◆ **REQUIREMENT**
Since only the words are wanted, reproduce every entry exactly and leave the images behind.
==== DATASET RECORDS
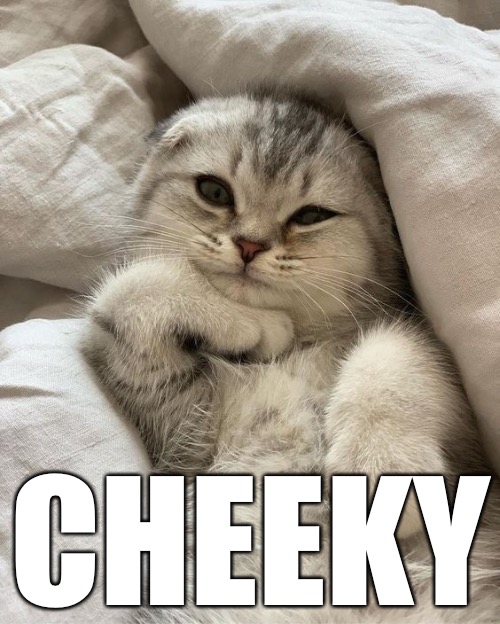 CHEEKY | made w/ Imgflip meme maker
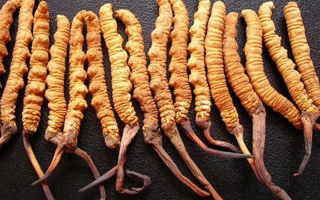 冬蟲(chóng)夏草一克大概多少錢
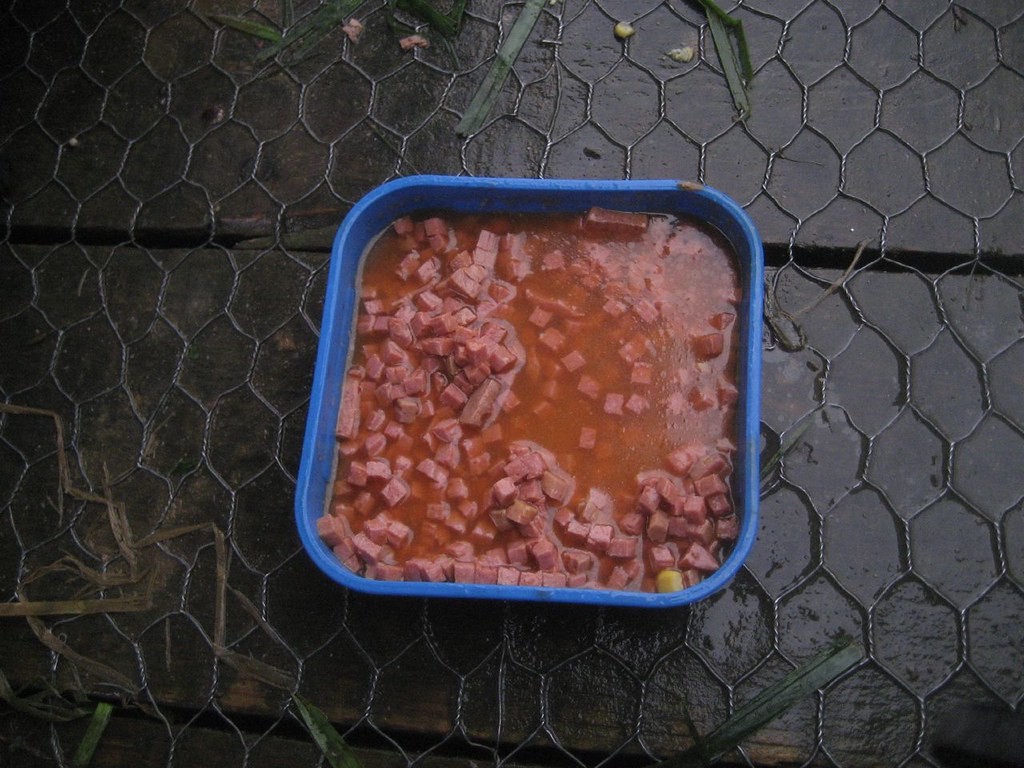 Luncheon meat the preferred bait today rjp Flickr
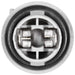 Side Marker Light Socket WVE 1P2097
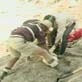 Dino Dig Updates: Dinosaur Soft Tissue Discovery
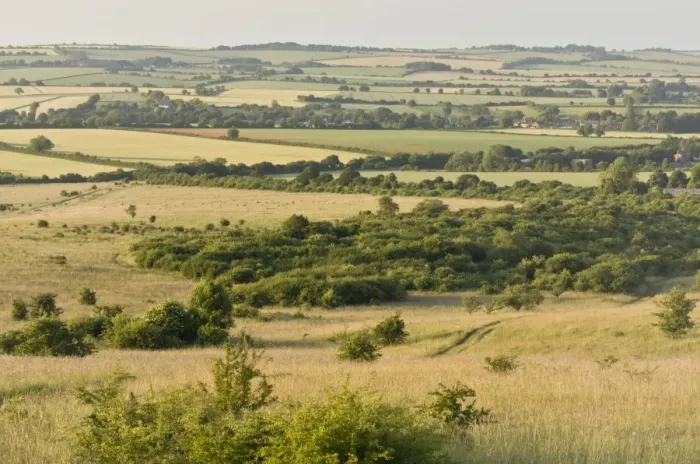 Framed Print : View of chalk downland habitat, looking north from chalk scarp, Martin Down National Nature Reserve, Hampshire Framed Print : View of chalk downland habitat, looking north from chalk scarp, Martin Down National Nature Reserve, Hampshire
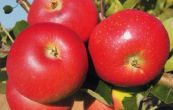 jablo domc Discovery - Malus domestica Discovery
========
◆ **EXERCISE ANSWER**
 CHEEKY | made w/ Imgflip meme maker
 冬蟲(chóng)夏草一克大概多少錢
 Luncheon meat the preferred bait today rjp Flickr
 Side Marker Light Socket WVE 1P2097
 Dino Dig Updates: Dinosaur Soft Tissue Discovery
 Framed Print : View of chalk downland habitat, looking north from chalk scarp, Martin Down National Nature Reserve, Hampshire Framed Print : View of chalk downland habitat, looking north from chalk scarp, Martin Down National Nature Reserve, Hampshire
 jablo domc Discovery - Malus domestica Discovery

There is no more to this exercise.